"""

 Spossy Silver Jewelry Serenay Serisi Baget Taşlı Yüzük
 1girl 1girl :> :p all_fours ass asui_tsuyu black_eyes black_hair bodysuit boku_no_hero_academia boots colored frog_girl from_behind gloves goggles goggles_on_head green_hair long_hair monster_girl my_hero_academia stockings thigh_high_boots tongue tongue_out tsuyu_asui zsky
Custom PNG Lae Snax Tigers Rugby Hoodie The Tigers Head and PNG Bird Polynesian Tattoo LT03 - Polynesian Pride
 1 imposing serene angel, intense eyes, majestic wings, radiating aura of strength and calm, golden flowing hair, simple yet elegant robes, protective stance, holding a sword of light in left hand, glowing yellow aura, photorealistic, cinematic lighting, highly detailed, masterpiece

"""
"""

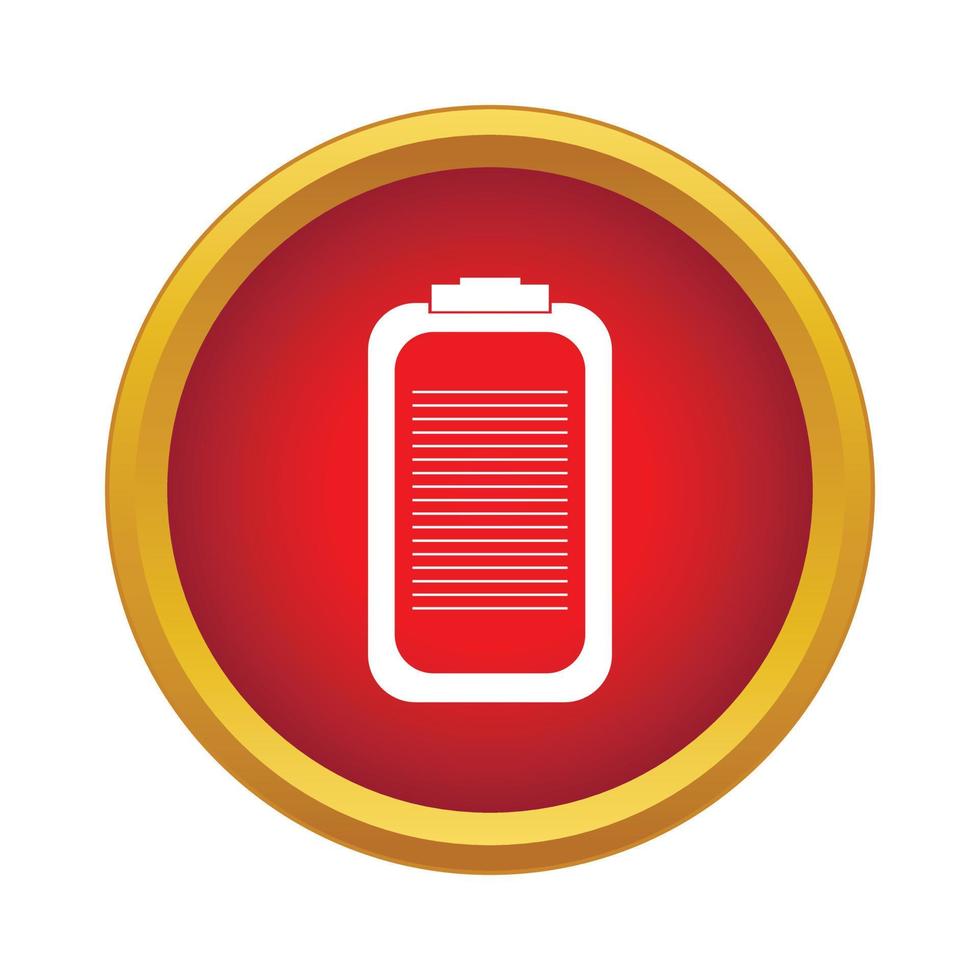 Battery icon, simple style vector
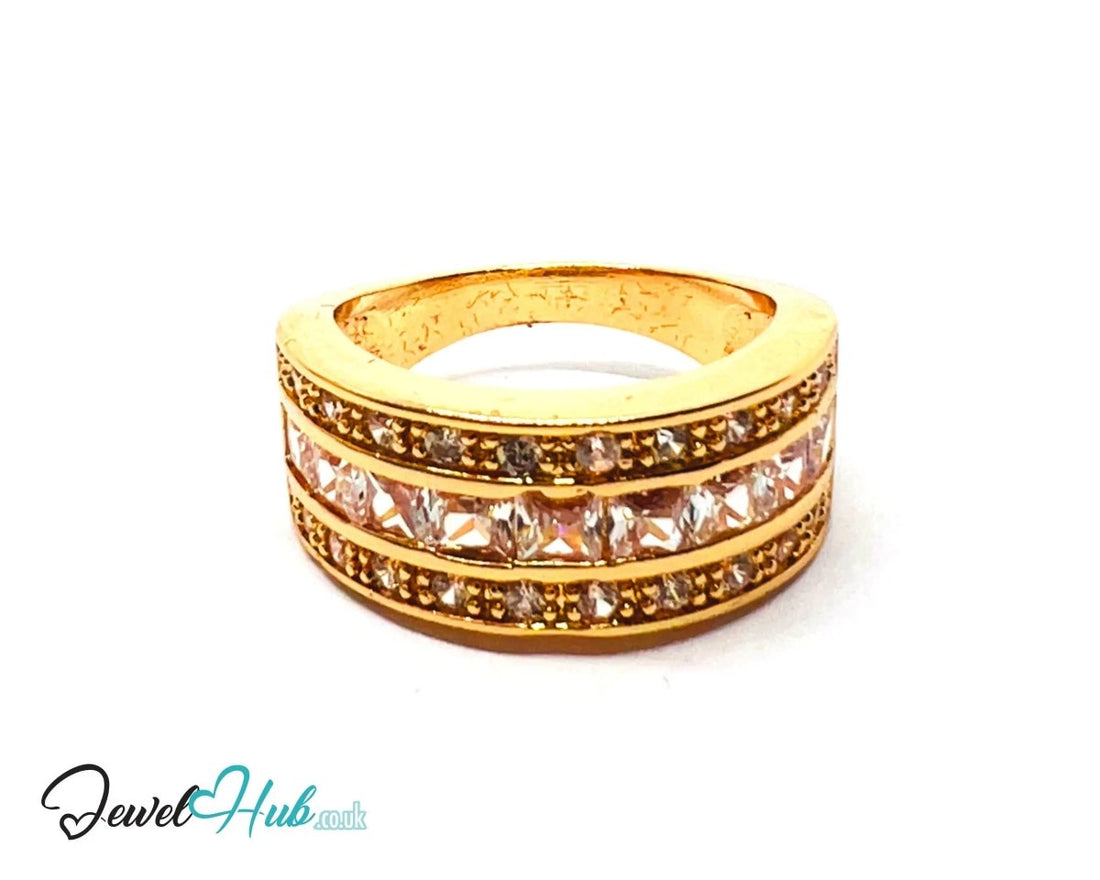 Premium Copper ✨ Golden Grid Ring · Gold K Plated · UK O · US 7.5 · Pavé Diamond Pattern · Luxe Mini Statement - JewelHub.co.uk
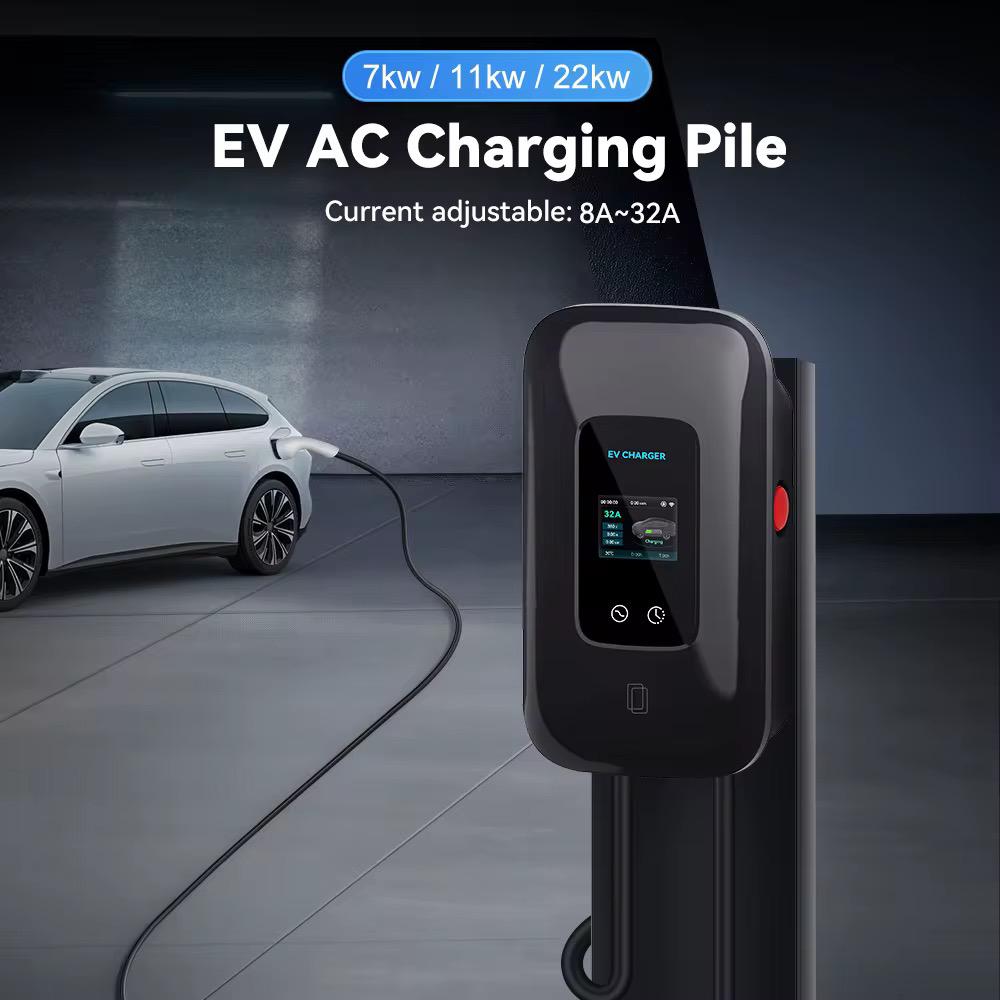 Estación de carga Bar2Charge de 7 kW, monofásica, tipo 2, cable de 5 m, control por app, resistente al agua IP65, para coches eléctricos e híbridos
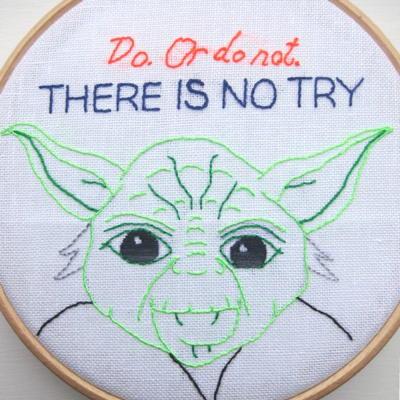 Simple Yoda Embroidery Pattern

"""
"""

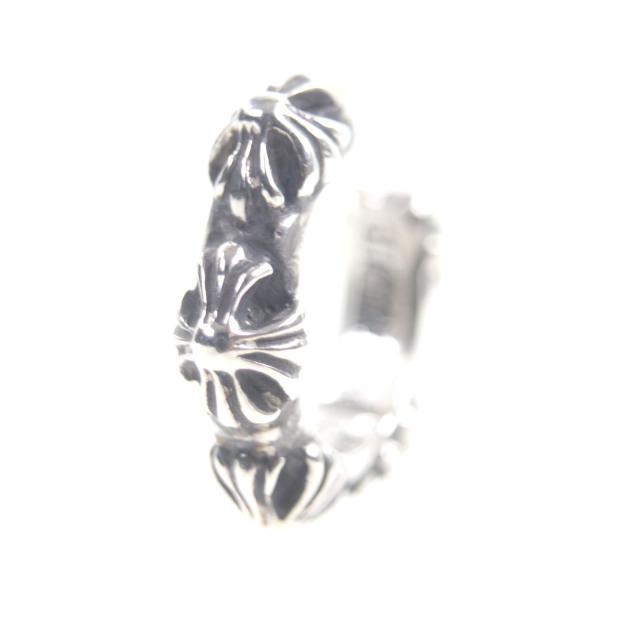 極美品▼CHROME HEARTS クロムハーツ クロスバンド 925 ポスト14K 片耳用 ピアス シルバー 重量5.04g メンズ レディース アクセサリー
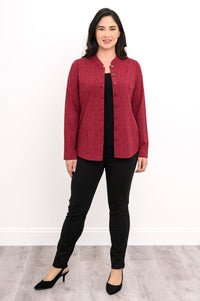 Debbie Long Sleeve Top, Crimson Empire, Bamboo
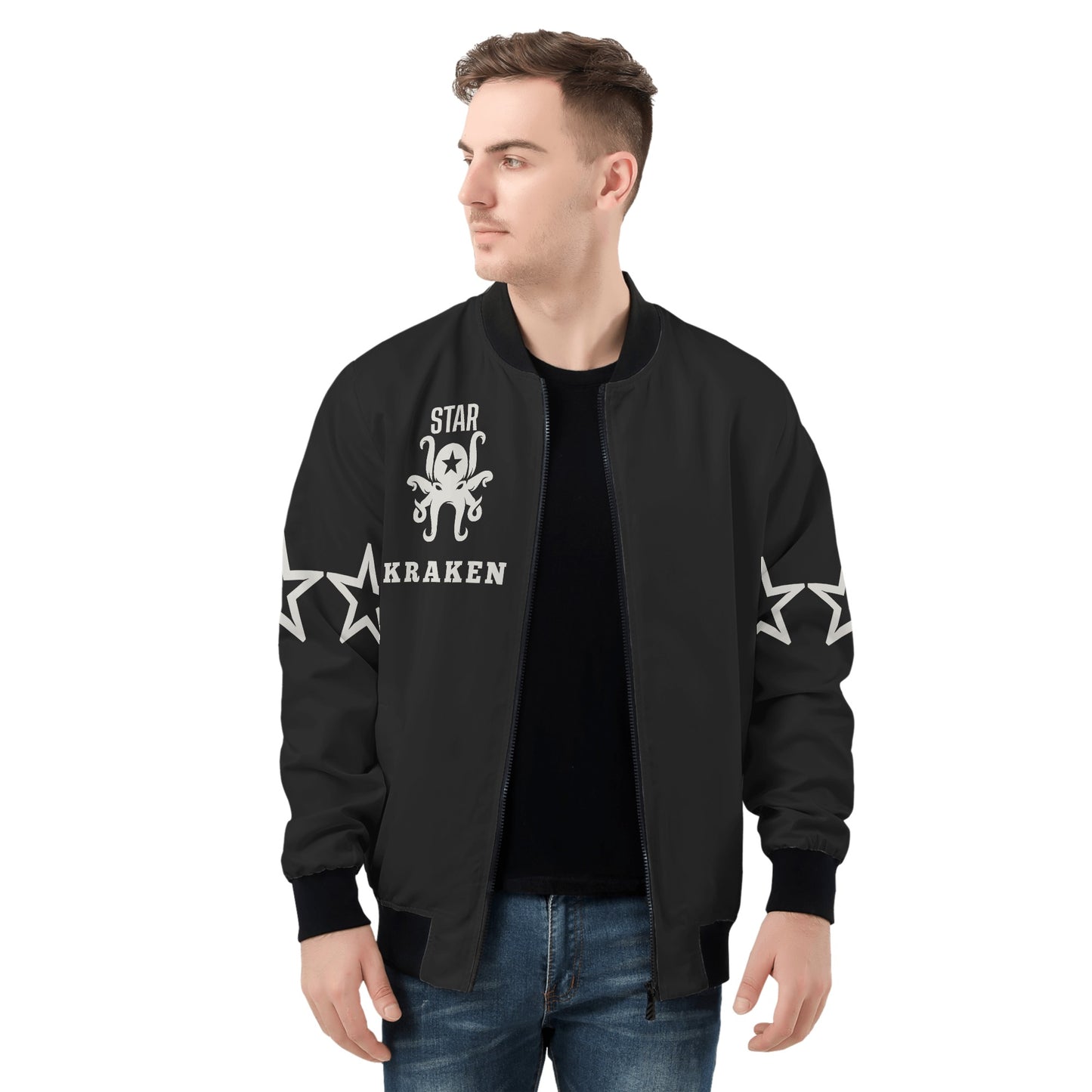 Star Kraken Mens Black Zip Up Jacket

"""

**PROBLEM DESCRIPTION**
Please transcribe exactly the part of the records that opens with the line containing "Estación de carga" and closes with the line containing "Simple Yoda Embroidery Pattern", both ends included, and leave out the pictures.

**RESPONSE**
 Estación de carga Bar2Charge de 7 kW, monofásica, tipo 2, cable de 5 m, control por app, resistente al agua IP65, para coches eléctricos e híbridos
 Simple Yoda Embroidery Pattern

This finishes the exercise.